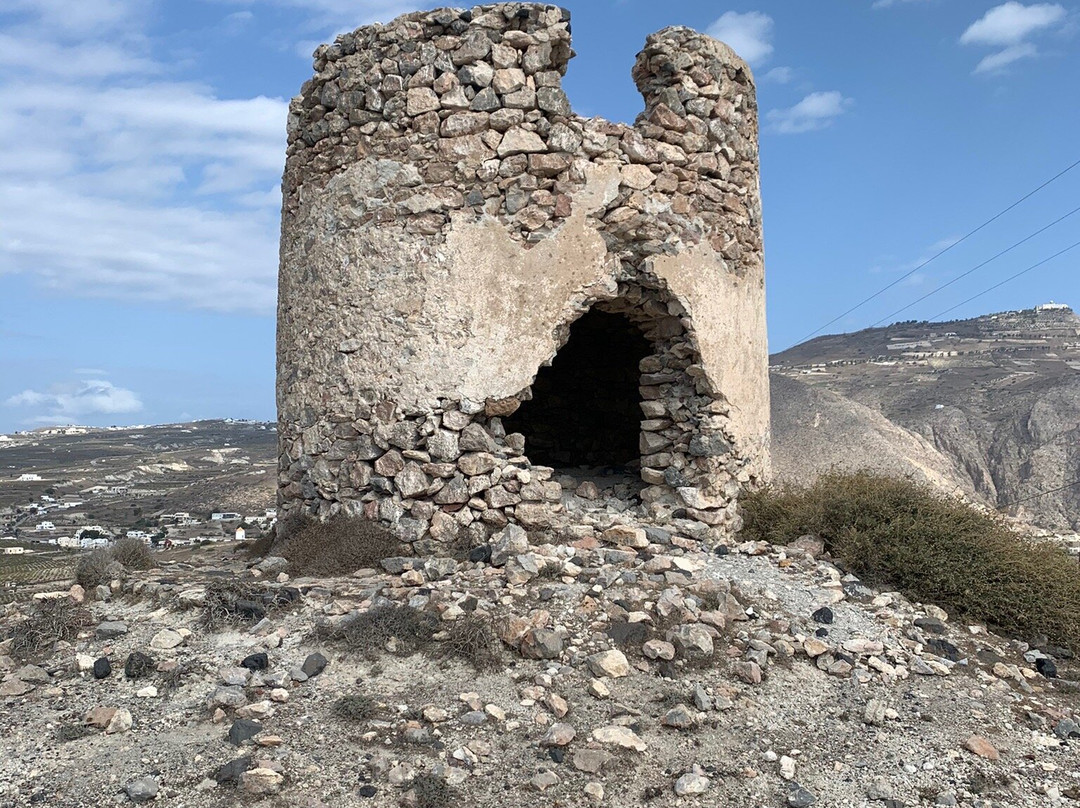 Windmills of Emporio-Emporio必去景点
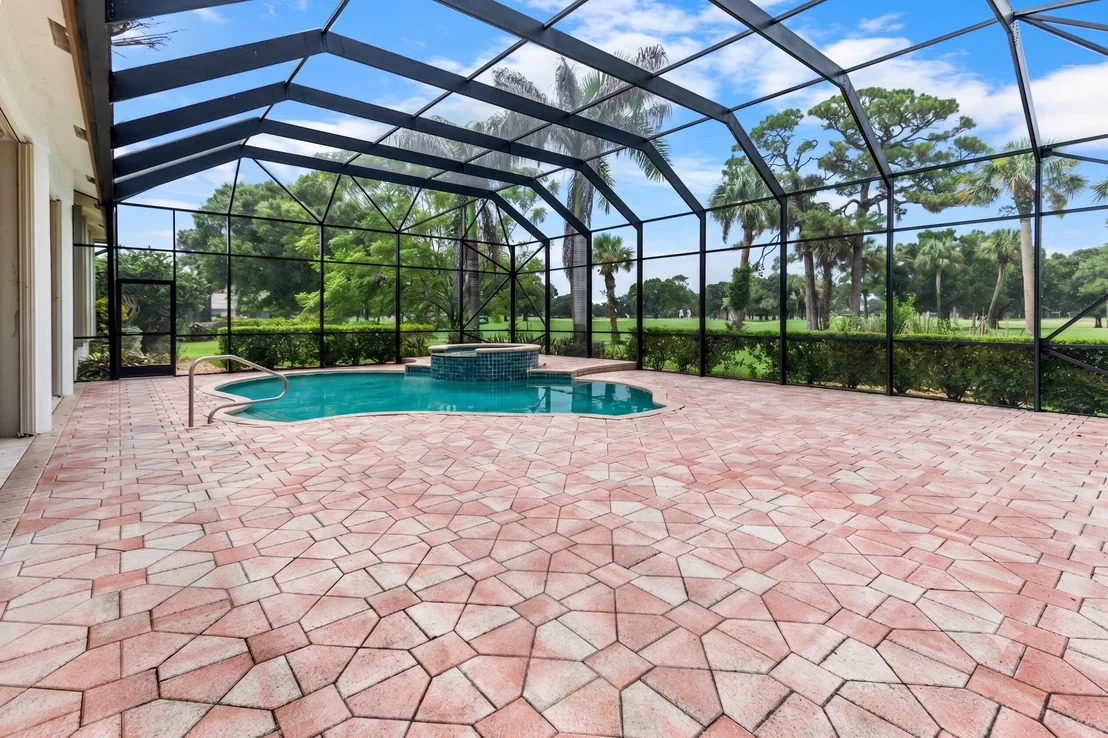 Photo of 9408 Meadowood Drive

= = = = = = =

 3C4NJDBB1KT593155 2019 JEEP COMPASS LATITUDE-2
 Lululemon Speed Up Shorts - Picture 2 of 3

= = = = = = =

What to do: In the entries above, find the line holding "3C4NJDBB1KT593155 2019 JEEP" and the line holding "Lululemon Speed Up Shorts - Picture 2 of 3"; print both of them and every line between, exactly, and nothing else.

Exercise output:
 3C4NJDBB1KT593155 2019 JEEP COMPASS LATITUDE-2
 Lululemon Speed Up Shorts - Picture 2 of 3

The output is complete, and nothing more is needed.